Harga barang-barangnya juga cukup murah. Di setiap lantai dipasang penanda jalan juga himbauan yang harus ditaati oleh pengunjung. Untuk lantai yang sudah berkeramik, pengunjung harus melepas alas kaki. Mereka yang muslim harus mengenakan busana muslim.

Pengunjung juga bisa menikmati koleksi berbagai ikan air tawar dalam akuarium berukuran besar di lantai 2 atau 3. Di sebelah luar juga kita jumpai beberapa ekor menjangan, merak, kelinci, ayam dan burung terpelihara rapi dalam sangkarnya masing-masing. Benar-benar pondok pesantren yang spesial.

Di lantai tertinggi (lantai 10) pengunjung bisa menyaksikan panorama pegunungan yang indah. Di lantai itu pula ada beberapa ekor kera yang terpelihara dengan baik terikat pada ornamen mirip pohon. Terlihat jinak dengan para pengunjung pesantren. Ornamen cantik menyerupai menara juga banyak terlihat di lantai 10 ini.

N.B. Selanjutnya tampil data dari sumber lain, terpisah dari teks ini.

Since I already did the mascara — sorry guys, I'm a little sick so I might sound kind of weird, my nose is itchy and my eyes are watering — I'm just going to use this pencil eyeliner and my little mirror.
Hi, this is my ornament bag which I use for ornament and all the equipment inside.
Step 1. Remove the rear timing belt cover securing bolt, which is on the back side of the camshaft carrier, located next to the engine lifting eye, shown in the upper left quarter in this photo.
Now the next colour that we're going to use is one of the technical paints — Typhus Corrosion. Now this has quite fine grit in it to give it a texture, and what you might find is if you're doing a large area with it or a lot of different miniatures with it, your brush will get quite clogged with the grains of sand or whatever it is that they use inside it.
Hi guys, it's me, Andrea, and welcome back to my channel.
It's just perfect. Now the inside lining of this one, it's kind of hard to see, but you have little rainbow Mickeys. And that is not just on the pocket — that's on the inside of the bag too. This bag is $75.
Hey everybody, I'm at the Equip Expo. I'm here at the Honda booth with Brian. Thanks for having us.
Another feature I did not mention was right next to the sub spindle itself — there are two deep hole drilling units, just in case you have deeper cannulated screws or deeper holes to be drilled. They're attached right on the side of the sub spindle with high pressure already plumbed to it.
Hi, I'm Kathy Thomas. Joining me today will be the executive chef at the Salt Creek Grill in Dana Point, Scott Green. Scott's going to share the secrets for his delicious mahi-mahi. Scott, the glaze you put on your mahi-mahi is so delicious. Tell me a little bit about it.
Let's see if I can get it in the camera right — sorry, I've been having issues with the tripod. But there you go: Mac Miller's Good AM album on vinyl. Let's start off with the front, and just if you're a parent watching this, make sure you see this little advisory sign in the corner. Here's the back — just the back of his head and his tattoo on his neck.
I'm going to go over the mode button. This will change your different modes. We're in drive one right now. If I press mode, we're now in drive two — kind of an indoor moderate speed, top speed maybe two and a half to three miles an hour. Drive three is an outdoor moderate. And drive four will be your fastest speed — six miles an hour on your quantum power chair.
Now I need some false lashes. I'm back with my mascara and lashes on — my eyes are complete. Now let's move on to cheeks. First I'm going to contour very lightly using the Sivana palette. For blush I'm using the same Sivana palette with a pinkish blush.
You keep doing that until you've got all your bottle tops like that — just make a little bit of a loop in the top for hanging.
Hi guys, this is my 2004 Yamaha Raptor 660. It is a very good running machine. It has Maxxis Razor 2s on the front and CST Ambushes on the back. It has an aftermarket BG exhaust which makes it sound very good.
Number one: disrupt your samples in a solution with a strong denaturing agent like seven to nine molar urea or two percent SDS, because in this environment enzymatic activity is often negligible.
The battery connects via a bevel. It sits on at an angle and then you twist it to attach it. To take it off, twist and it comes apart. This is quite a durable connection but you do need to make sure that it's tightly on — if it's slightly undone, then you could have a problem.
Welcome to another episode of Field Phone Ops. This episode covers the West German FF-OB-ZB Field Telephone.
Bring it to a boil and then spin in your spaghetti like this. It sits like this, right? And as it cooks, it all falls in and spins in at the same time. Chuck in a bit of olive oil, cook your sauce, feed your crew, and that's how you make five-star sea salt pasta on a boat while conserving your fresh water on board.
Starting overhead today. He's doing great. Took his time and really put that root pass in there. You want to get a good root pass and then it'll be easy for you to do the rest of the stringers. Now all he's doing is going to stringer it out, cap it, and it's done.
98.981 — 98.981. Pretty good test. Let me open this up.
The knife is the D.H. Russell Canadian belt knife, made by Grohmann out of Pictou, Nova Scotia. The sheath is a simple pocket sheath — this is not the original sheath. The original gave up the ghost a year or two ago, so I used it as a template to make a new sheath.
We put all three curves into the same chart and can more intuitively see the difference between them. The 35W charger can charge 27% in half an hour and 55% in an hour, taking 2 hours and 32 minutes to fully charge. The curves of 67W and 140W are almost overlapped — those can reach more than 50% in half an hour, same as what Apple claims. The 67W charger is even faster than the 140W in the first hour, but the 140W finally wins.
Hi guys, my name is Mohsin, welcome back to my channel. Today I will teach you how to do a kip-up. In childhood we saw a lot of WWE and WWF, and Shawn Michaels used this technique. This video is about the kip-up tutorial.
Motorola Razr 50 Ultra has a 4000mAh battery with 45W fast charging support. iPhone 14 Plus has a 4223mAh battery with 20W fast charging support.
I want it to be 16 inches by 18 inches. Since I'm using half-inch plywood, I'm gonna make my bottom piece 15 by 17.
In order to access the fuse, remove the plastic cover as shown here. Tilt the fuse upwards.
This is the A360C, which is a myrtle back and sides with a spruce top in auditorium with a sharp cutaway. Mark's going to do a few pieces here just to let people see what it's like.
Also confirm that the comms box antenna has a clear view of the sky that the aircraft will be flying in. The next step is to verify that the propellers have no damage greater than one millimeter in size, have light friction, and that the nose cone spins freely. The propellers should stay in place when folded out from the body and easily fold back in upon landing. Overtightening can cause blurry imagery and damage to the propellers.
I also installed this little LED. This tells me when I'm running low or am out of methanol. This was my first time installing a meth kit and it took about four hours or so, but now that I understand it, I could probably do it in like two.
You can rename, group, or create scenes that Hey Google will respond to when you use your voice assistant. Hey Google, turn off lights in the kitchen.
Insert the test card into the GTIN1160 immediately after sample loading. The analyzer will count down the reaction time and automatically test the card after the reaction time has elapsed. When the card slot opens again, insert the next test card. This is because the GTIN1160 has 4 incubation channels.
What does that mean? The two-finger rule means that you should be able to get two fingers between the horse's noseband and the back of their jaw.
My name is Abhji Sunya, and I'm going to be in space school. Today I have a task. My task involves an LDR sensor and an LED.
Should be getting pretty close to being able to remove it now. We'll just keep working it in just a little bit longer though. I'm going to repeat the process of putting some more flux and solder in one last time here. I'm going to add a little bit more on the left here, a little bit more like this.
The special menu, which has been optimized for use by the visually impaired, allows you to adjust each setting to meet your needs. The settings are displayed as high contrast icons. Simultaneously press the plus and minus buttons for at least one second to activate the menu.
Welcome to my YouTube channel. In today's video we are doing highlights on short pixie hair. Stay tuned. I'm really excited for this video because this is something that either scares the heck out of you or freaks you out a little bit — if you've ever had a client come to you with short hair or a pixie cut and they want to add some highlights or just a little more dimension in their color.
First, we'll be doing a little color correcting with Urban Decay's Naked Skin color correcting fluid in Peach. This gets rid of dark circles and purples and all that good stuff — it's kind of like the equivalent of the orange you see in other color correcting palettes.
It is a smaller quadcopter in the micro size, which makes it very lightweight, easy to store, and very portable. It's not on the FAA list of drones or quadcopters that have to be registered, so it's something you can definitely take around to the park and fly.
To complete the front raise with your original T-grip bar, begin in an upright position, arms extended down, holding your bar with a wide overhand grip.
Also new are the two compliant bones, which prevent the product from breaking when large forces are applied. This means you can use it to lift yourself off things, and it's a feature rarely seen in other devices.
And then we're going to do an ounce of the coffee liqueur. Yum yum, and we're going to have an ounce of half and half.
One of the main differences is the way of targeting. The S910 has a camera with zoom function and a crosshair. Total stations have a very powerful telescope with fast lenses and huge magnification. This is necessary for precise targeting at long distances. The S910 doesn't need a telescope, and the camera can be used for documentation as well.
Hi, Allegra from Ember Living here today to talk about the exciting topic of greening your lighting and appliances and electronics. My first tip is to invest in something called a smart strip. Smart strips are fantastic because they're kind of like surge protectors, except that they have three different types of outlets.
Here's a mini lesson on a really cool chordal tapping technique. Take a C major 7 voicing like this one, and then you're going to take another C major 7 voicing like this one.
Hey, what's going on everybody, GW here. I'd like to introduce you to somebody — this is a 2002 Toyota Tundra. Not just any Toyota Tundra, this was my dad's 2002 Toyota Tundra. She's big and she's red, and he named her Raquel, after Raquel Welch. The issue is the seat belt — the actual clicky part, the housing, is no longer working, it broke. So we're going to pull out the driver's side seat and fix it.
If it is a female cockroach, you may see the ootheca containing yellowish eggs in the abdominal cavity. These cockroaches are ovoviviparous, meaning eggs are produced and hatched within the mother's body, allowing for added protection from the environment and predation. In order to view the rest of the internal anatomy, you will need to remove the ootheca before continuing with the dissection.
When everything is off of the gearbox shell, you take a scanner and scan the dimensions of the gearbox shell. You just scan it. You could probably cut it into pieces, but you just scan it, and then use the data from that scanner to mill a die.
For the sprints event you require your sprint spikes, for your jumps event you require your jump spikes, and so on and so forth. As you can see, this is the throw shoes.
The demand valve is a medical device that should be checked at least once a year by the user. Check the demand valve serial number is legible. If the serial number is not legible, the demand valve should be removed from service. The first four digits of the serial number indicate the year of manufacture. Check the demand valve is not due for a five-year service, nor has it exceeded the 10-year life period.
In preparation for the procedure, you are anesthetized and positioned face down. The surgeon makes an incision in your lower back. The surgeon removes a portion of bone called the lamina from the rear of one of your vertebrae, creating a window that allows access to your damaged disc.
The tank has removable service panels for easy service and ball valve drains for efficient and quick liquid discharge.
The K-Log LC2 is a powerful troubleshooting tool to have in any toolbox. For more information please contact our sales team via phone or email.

Dari salah seorang Bapak petugas yang siang itu sedang memberi makan monyet, saya dapatkan informasi yang sebenarnya tentang pondok pesantren ini. Selama ini beredar berita di masyarakat kalau masjid ini adalah masjid tiban. "Itu tidak benar Dik, masjid ini dibangun manusia bukan tiba-tiba ada seperti yang digembar-gemborkan selama ini" ungkap Bapak tadi.

Sebenarnya tidak cukup sehari untuk menikmati setiap sudut-sudut cantik bangunan pesantren ini. Beberapa bagian terlewatkan oleh kami. Hari semakin siang. Perjalanan kami teruskan kembali ke pertigaan tugu Kecamatan Tumpang.